Task directions:
Take the line that contains "Productos de hardware" and every line below it to the end of the entries, and give them again exactly, leaving out any pictures.

++++ Record set

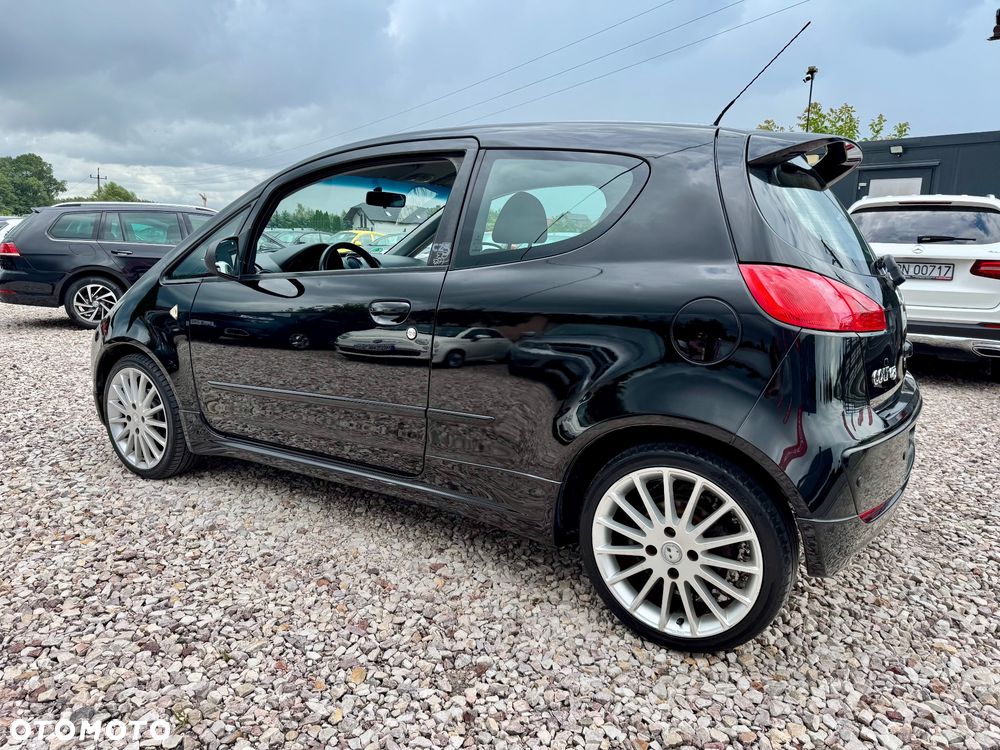 Mitsubishi Colt - 20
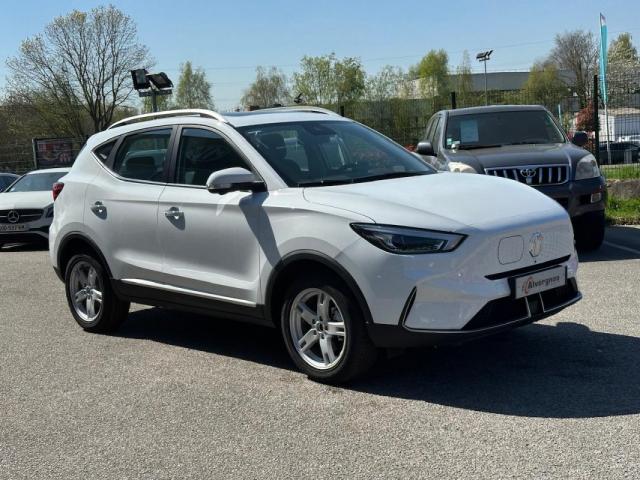 Mg Zs image 1
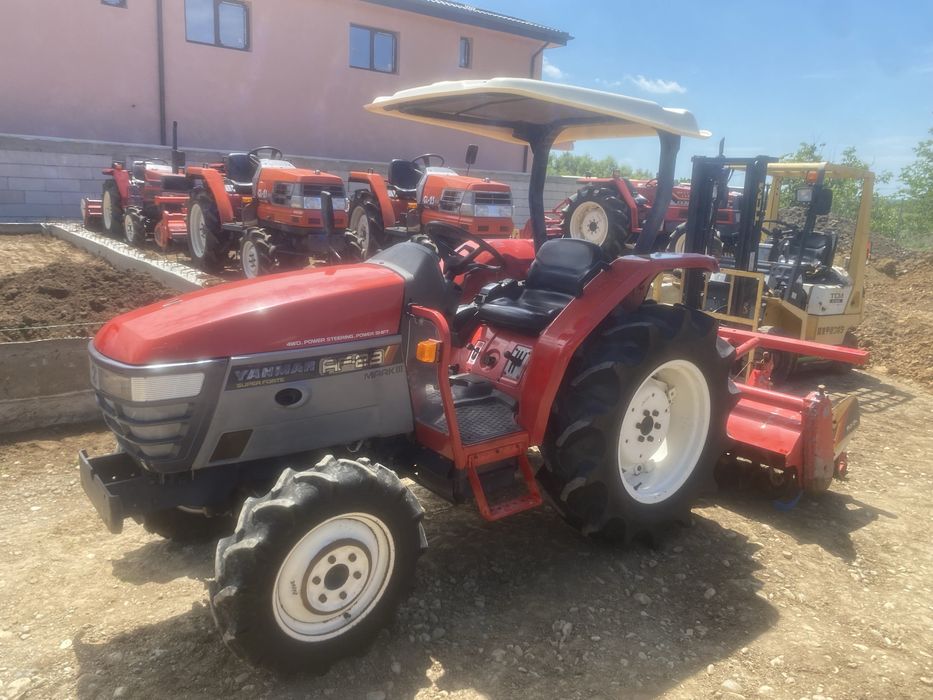 Tractor japonez Yanmar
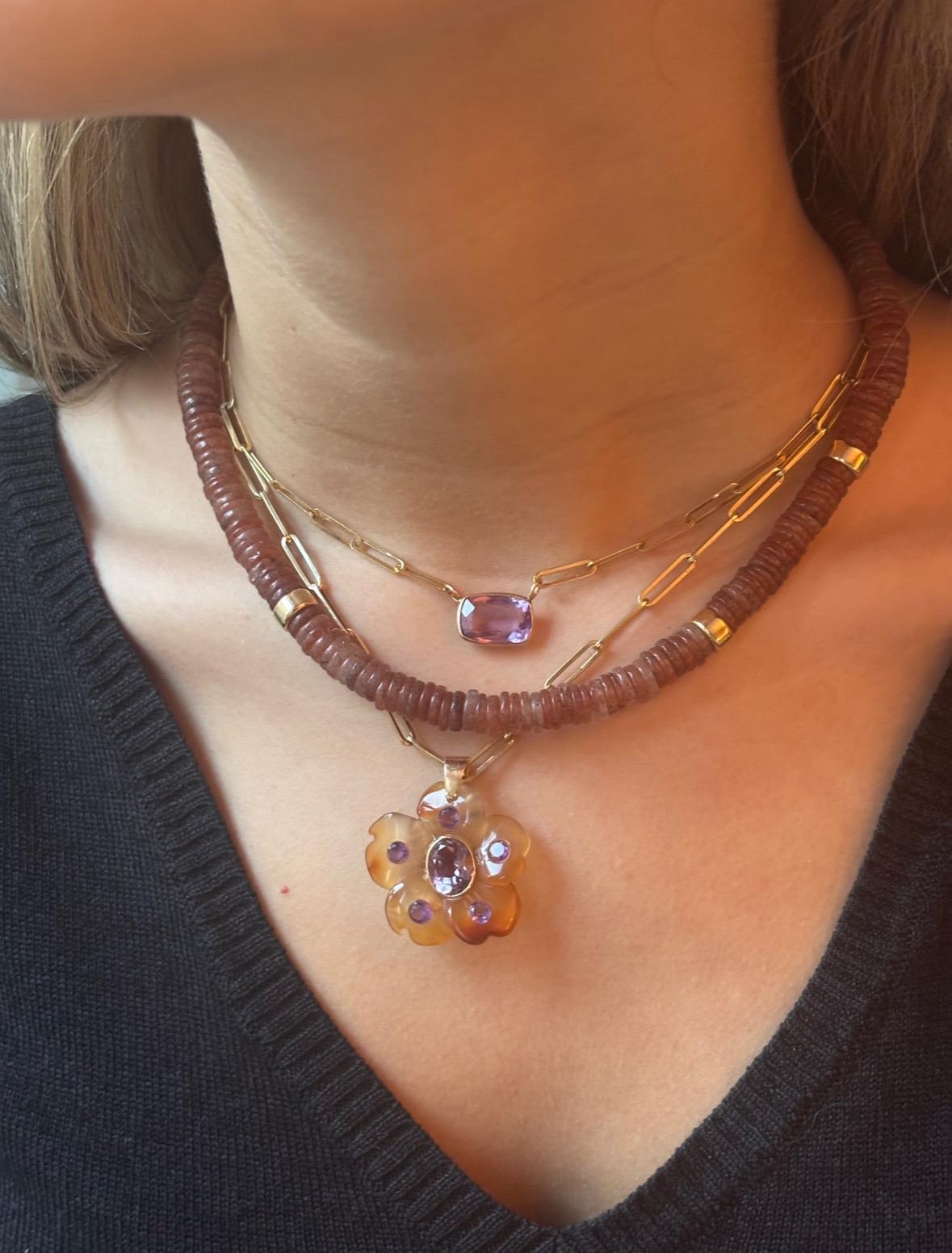 COLLANA CON QUARZO DI FRAGOLA E ORO 14k In condizioni Nuovo in vendita a New York, NY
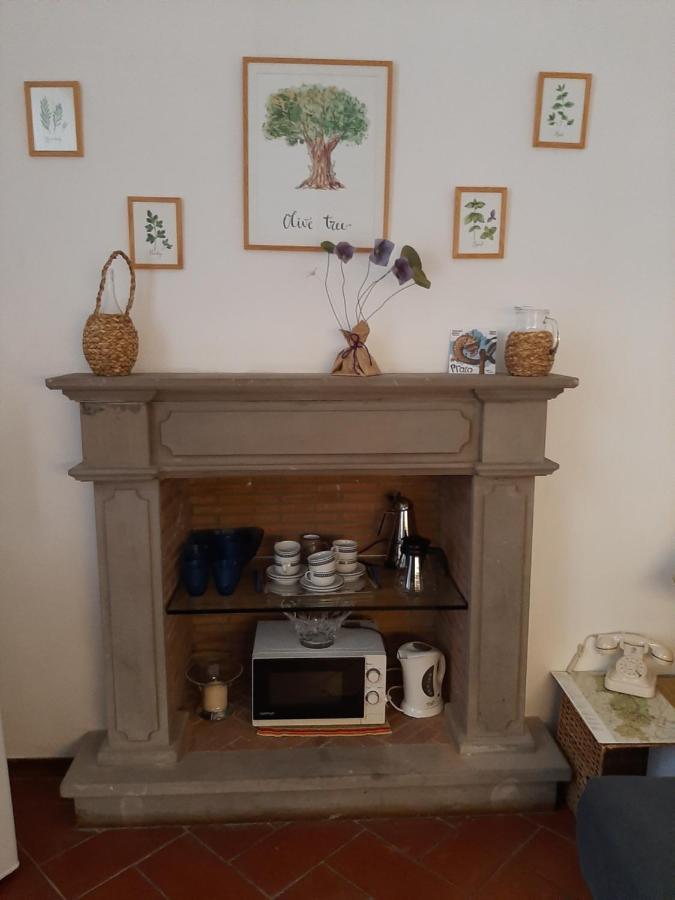 Appartement La Casina Della Volpe à Prato  Extérieur photo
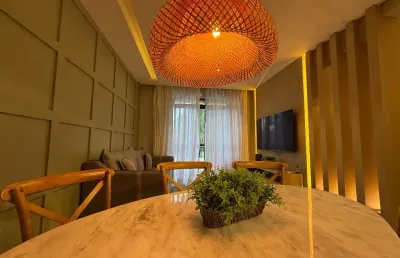 L# oportunidade única: apartamento finamente mobiliado a poucos metros da praia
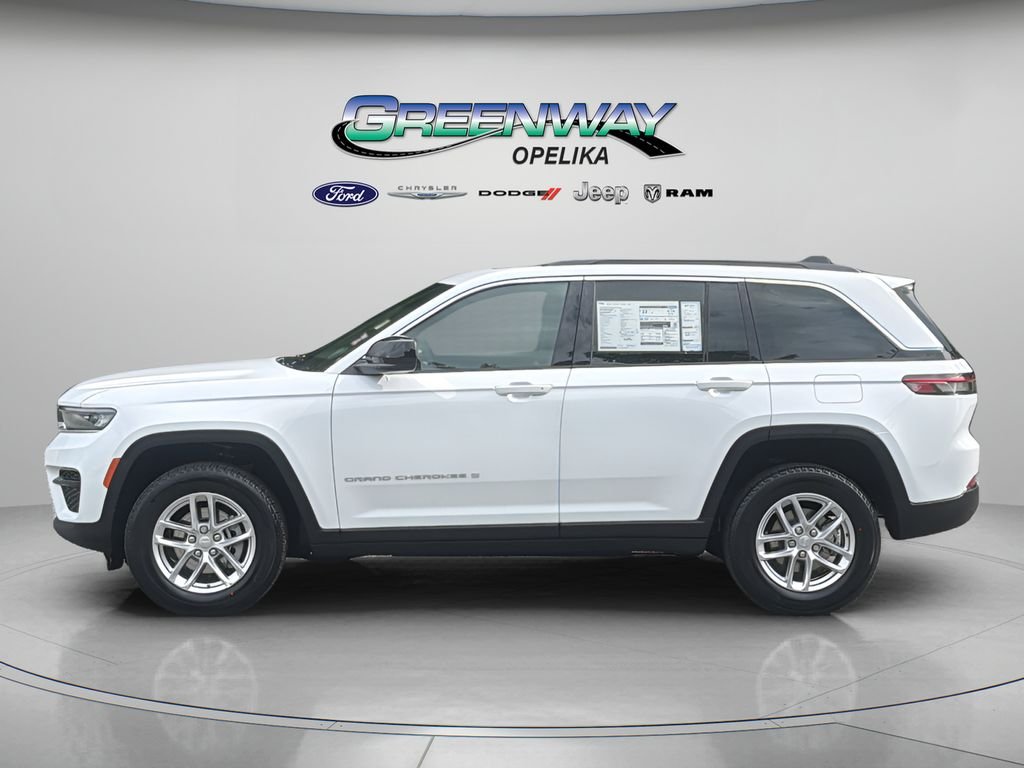 New 2026 White/off-white Jeep Laredo X image 4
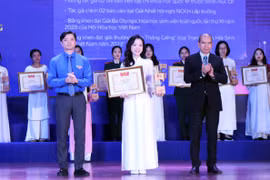 Vinh danh các nhà khoa học trẻ xuất sắc được nhận Giải thưởng Quả Cầu Vàng 2024 
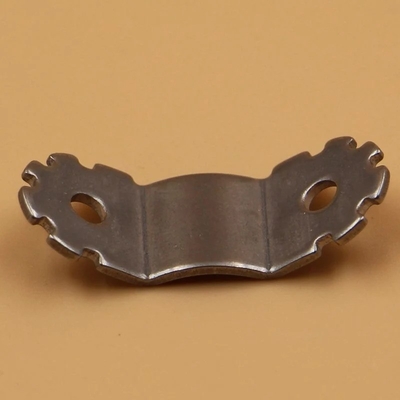 Productos de hardware de precisión de suministro directo en acero inoxidable con clips metálicos personalizados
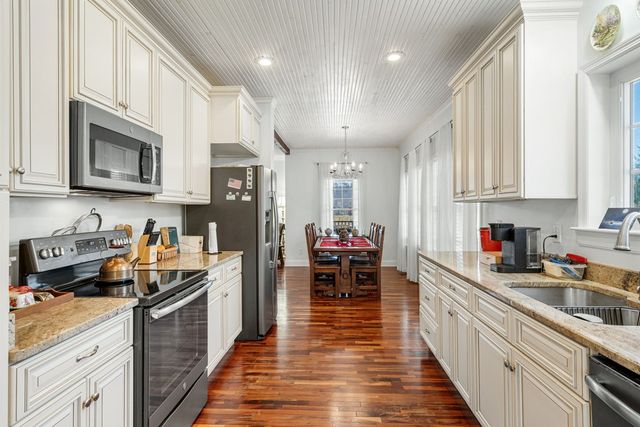 328 Pauls Meadow Drive, Hayesville, NC 28904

++++++++

The answer:
 Productos de hardware de precisión de suministro directo en acero inoxidable con clips metálicos personalizados
 328 Pauls Meadow Drive, Hayesville, NC 28904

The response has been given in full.